(Records from a data source)
++++++++

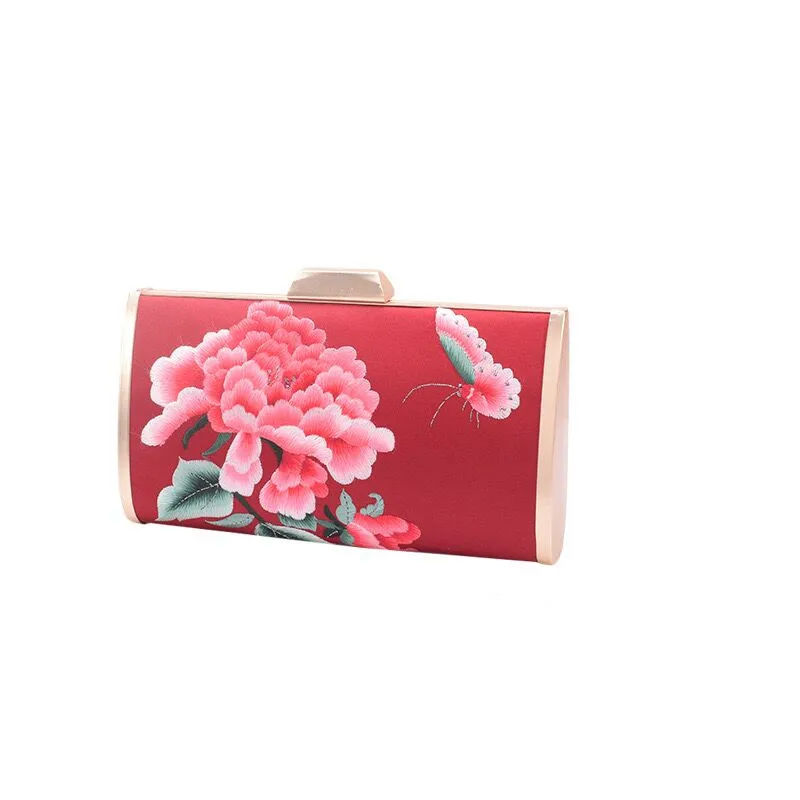 ele-nuova-pochette-cinese-per-cena-di-nozze-sle-per-donna-abbinata-a-una-borsa-retro-per-la-mamma-ricamata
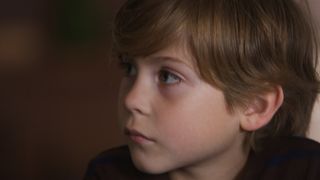 71. Сомния (2016)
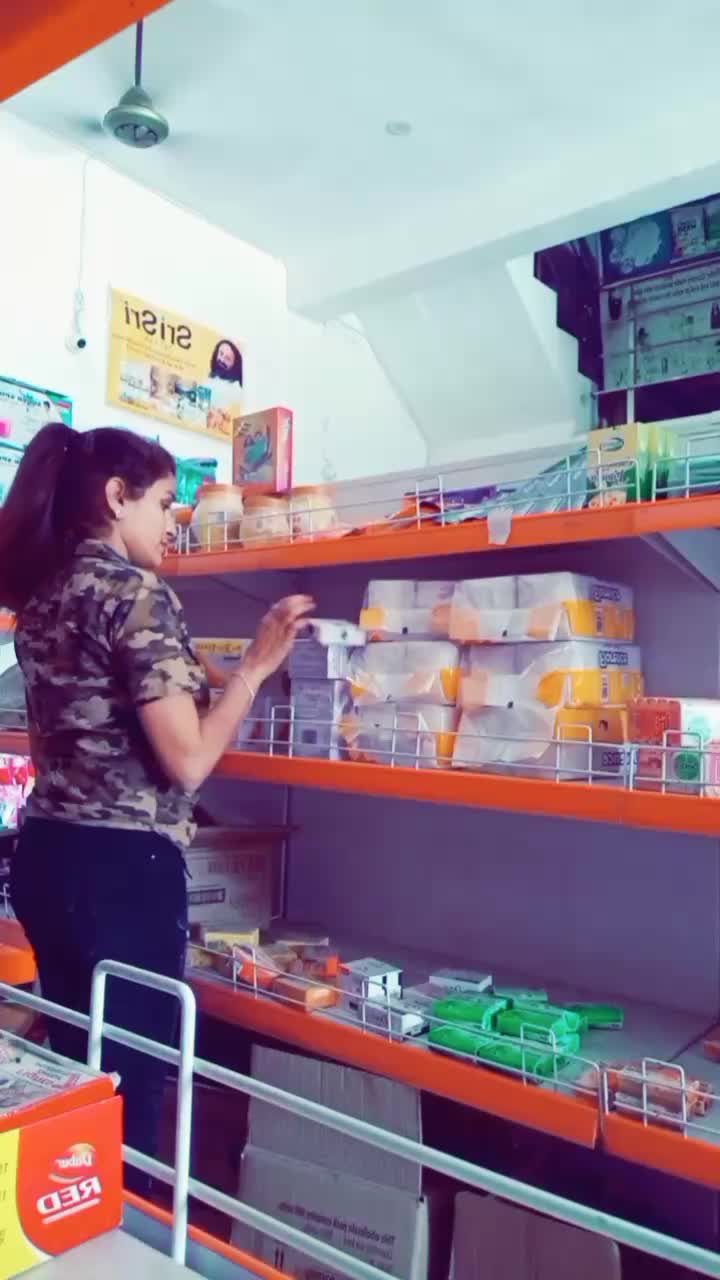 @Jyoti bala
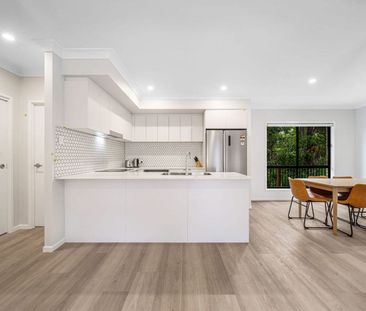 Room2/161a Stringybark Road, Buderim QLD 4556 - House For Rent | Do... - Photo 6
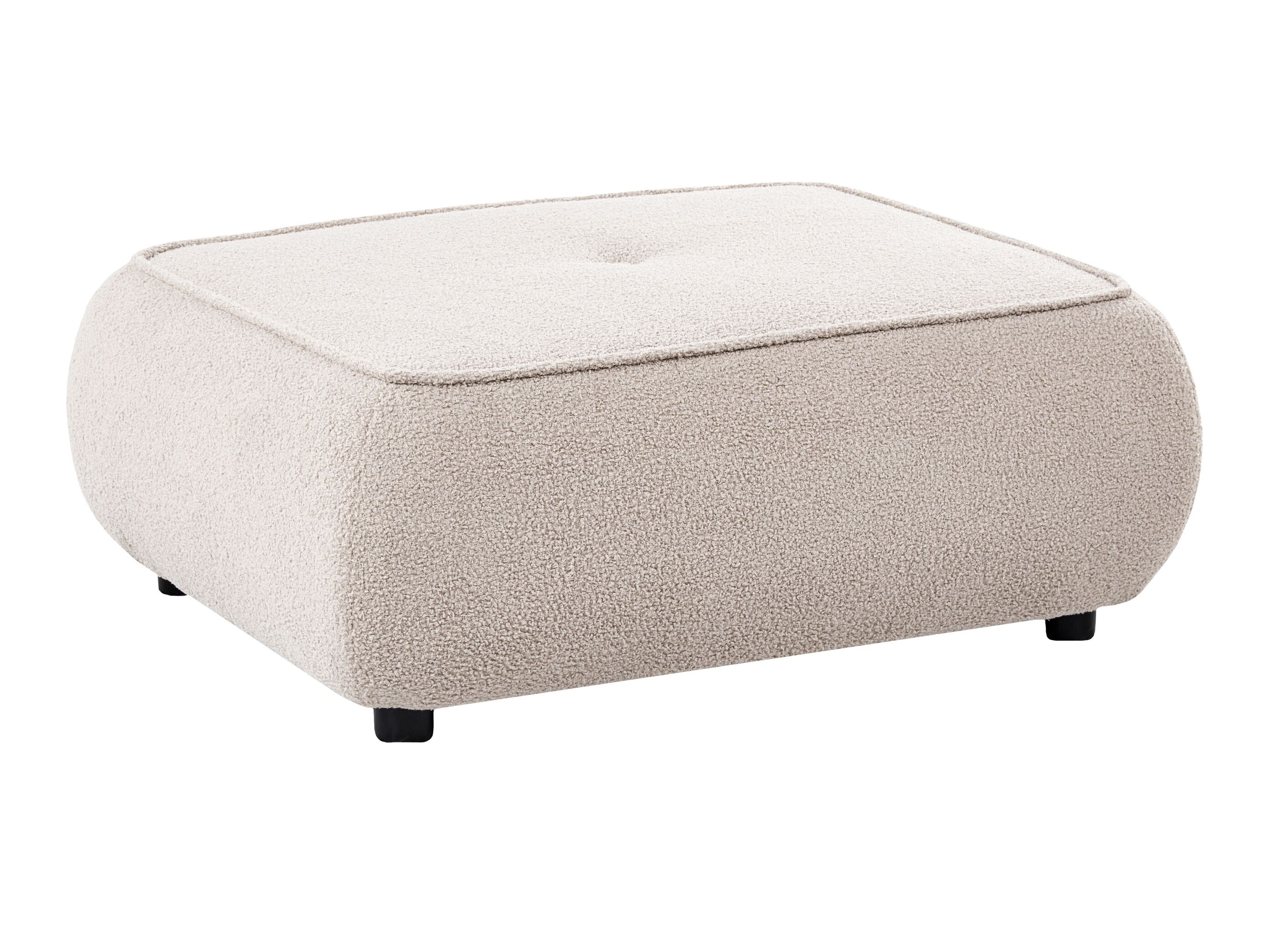 Табуретка Berwyn 3270 (Бежов)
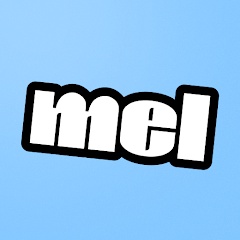 mel ai����app�ٷ�����0.9.14��׿��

++++++++

Leave the pictures out. Transcribe exactly the lines from the one with "71. Сомния (2016)" through the end of the records.

 71. Сомния (2016)
 @Jyoti bala
 Room2/161a Stringybark Road, Buderim QLD 4556 - House For Rent | Do... - Photo 6
 Табуретка Berwyn 3270 (Бежов)
 mel ai����app�ٷ�����0.9.14��׿��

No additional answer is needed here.